Lang Whitaker, NBA.com’s All Ball blog: Don’t worry, be happy. Are they supposed to be wary of a point guard controversy? Having two starting point guards on your roster is probably a good thing — you want as much talent available as possible, don’t you? — but only one of them can actually start. The old trope that “it’s not who starts, it’s who finishes” seems perfectly applicable here. I’m sure McHale will mix and match these guys according to match-ups and situations, although Lin’s improved 3-point shooting so far this season would seem to be making quite a case to stay on the court as much as possible.

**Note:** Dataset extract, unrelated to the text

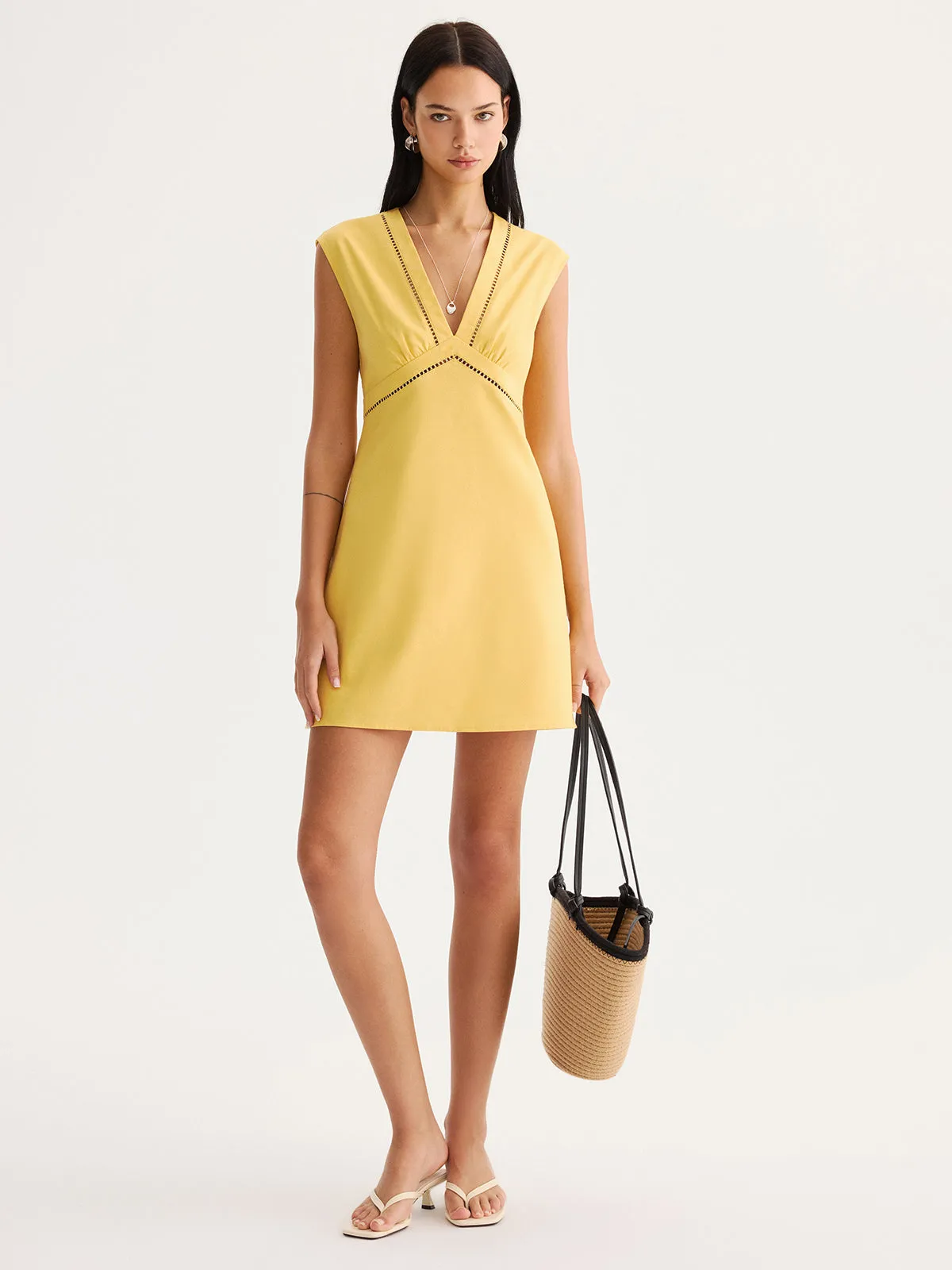 Linen Blend Eyelet Trim Sleeveless Mini Dress sold by COMMENSE product image thumbnail 3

Adriano Albuquerque, NBA.com Brasil: Definitely a little nervous. Jeremy Lin is not the greatest defender, and Beverley is not the most explosive or creative guy on offense. None of them seems like an ideal fit to take the court against the likes of Russell Westbrook, Chris Paul, Tony Parker and Steph Curry. Luckily for them, they have one of the best rim protectors in the league, so the Rockets don’t depend so heavily on either of them to be successful on both ends. Lin can distribute and take advantage of defensive breakdowns on the part of Houston’s opponents, and Beverley can stay in front of the ball and get under his man’s skin a little bit when needed, but most of the Rockets’ success or failure will ride on James Harden’s and Dwight Howard’s shoulders.
Hanson Guan, NBA.com China: It’s good news for Rocket fans. Many options are better than none. McHale can choose whether Lin or Beverley starts according to the Rockets’ opponent, giving Houston more tactical choices. Lin is good at shooting and penetrating, and – most impressively to me – can control the tempo of game. Beverly’s different, playing as a physical point guard, especially on the defensive end. That should make up for Lin’s shortcomings. And in fact, the Rockets have three starting point guard, James Harden in the mix, too.